The maximum penalty others face after being convicted on two counts of domestic battery with corporal injury and three counts of making criminal threats (all felonies): seven years and four months.
The rationale, as reported in court today by City News Service's Paul Anderson:
Orange County Superior Court Judge W. Michael Hayes said he opted to keep Hibner in jail where he could receive more counseling for anger management issues.
Hibner, who brought a Bible to court with him, was given credit for 216 days behind bars, meaning he has about 75 more days to go before he is released. Hayes ordered Hibner to serve five years of formal probation.
Hibner also must participate in a one-year "batterers treatment" program, according to Deputy District Attorney Lori Smith.
Smith advocated for Hibner to serve time in prison while the defendant's attorney, Thomas Szakall, asked the judge for probation so he has "the opportunity to cure the real problem with psychotherapy. … Any further punishment is unnecessary."
Szakall said his client suffered stress on the job in his 22 years with the department. Hayes was unsympathetic.
"Frankly, that insults the vast amount of people in law enforcement who go out there every day" and don't abuse family or friends while off-duty, Hayes said. "This isn't a new problem with him. It's a long-standing problem."
Hayes also noted that domestic violence calls are among the most dangerous ones for police to handle.
Hibner did not dispute an order to pay $2,000 restitution to a fund for crime victims.
"I'll just pay it. That's fine, sir," Hibner said.

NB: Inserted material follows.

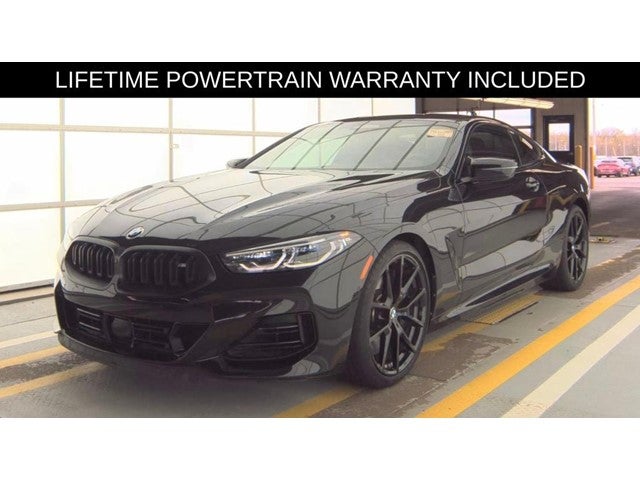 2024 BMW 8 Series M850i xDrive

When Smith raised the issue of about $15,000 more in restitution demanded from victims, Hibner's attorney requested a hearing to contest the amount.

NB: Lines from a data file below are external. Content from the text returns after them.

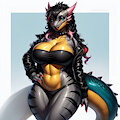 Kaelith SFW Images by scorpianpp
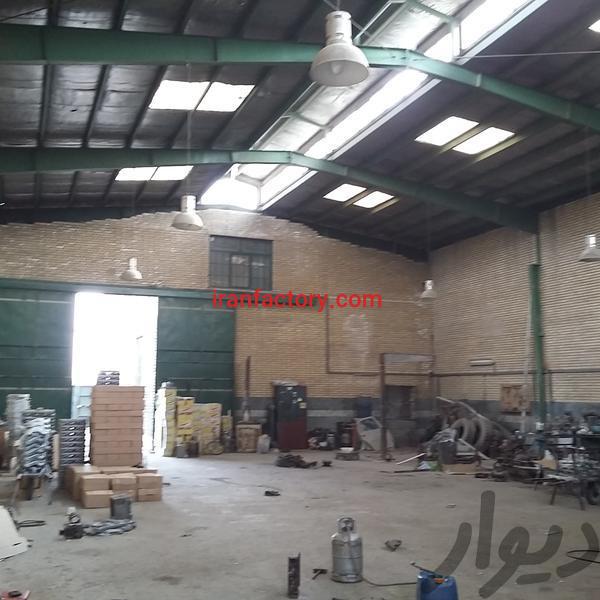 فروش کارگاه صنعتی در محمود آباد1
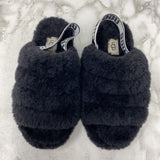 UGG WOMEN'S FLATS black 5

Mercy, if Hibner has to pay $15k, that might cut into Szakall's payday!
Hibner had been in a romantic relationship with the woman he assaulted for several years before, on Dec. 25, 2012, they argued after she discovered a sexually suggestive voicemail from another woman on his cell phone. The argument continued into the next day, when Hibner hit her, grabbed her hair, spit on her, threw a lit cigarette at her and punched her in the chest.
Three days later, Hibner grabbed his beloved by the hair, pulling it side to side, and calling her derogatory names. He also pushed her onto a bed, straddled her, pinned her down with his knees on her shoulders and covered her mouth with his hand so hard she was left with teeth marks inside her mouth. Hibner repeatedly swore at the woman and threatened to kill her.
The next day, Dec. 30, Hibner dragged the woman through their living room by her hair, threw her on the floor, straddled her and choked her with his forearm across her throat, before covering her mouth, pinching her nose and threatening to make her pass out. She responded by crying, begging him to stop and banging her foot on the floor to wake the neighbors. Hibner responded to that by spitting on her, throwing a lit cigarette at her and calling her derogatory names.
When Hibner's by-then ex-girlfriend met with him two months later for a child custody exchange–they have a minor child together–the deputy threatened to kill her if she appeared in court at a hearing scheduled for two days later. The woman planned to take out a restraining order against him.
Amazingly, considering what's been going on at the LASO, Hibner was relieved of duty without pay due to the conviction.
*Corrected from original post that had Hibner getting two years.